Measuring Nutrients in Rainfall
In certain parts of Minnesota, recent research has shown that less nitrogen (N) fertilizer is needed in order to achieve an economically-optimal rate for corn. One possible explanation is that more N is falling on fields in rain and snowfall and being stored in the soil for the crop to use.
To test this hypothesis, University of Minnesota researchers installed rain gauges and snow collection stations at five locations across the state: Crookston, Morris, Becker, Lamberton, and Waseca. Sampling began in spring 2019 and has been collected continuously since then.
The study is ongoing but preliminary results from the first year of data indicate that between eight and 12 pounds of N per acre fell on Minnesota fields, with most of that coming in the spring and early summer. This is higher than the National Oceanic and Atmospheric Administration’s (NOAA) data, which estimates that six to eight pounds of N are deposited annually.
While the study’s numbers are slightly higher than NOAA’s data, they likely aren’t enough to make a meaningful difference when it comes to Minnesota farmers’ N management practices, according to Paulo Pagliari, University of Minnesota Extension soil fertility specialist and lead researcher on the project.
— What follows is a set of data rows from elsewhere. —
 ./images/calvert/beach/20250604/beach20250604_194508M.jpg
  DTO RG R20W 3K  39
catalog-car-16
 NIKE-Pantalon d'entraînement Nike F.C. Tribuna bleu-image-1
“We saw a bit more than what NOAA reports,” he said. “But when you look at the amount, it’s only about four pounds or so per acre more.”
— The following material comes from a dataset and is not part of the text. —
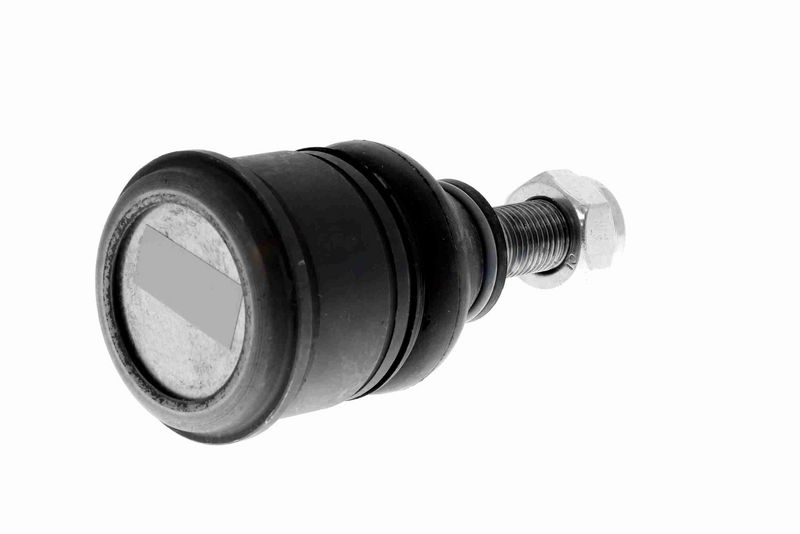 ACKOJA A26-1117 Ball Joint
Additionally, if more N is falling from the atmosphere over time, these changes should show up in Minnesota’s N rate guidelines, which incorporate environmental variables and are updated often with new field data.
Pagliari does find the regional differences interesting and is looking forward to exploring where the N is coming from as the study continues.
In the first year, the Becker site in the Central Sands region had the highest level (12 lbs/acre) while Crookston, in northwest Minnesota, had the lowest level (eight lbs/acre). Pagliari speculates that the amount of livestock and corn in each area may help explain these differences. For example, the Crookston area has fewer livestock operations and cornfields, a crop that requires high levels of N fertilizer, than the Becker area. Manure and fertilizer applied on fields can volatilize into the atmosphere and then fall back down later in a different place.
Roughly 3/4th of the N measured was in the ammonium form while 1/4th was nitrate. Ammonium deposition was higher in the spring while nitrates were more commonly found in the summer samples.
Sulfur deposition falling fast
The study also looks at sulfur (S) deposition, which has dropped dramatically in recent years due to stricter regulation of power plant emissions. A 2019 study found that S emissions in North America have decreased by 70-80% since 1990. Now, most Minnesota corn farmers apply S fertilizer, something they didn’t used to have to do due to S deposition.
Five to 10 pounds of S per acre fell in rain and snow over the course of the first year of the study.
Rain, rain, and more rain
2019 was a record wet year across many parts of Minnesota, and the state is trending wetter. Another component of the study looks at the relationship between rainfall amount and nutrient deposition. Does more rainfall mean more N is falling on fields? According to their data, light showers actually had higher N concentrations than heavy downpours. However, that isn’t the whole story.
“This has to do with dilution,” Pagliari explained. “If you get a low rainfall amount, then you get a high concentrated amount of N in the rain. But then with the higher rainfall amounts, you’re going to get a more diluted sample.”
Soil and rainfall pH
One surprising finding from year one of the study was that the pH of the rain and snow they collected was about one point higher than what NOAA reports for the state.
“It is very alkaline,” said Pagliari. “And we don’t know why.”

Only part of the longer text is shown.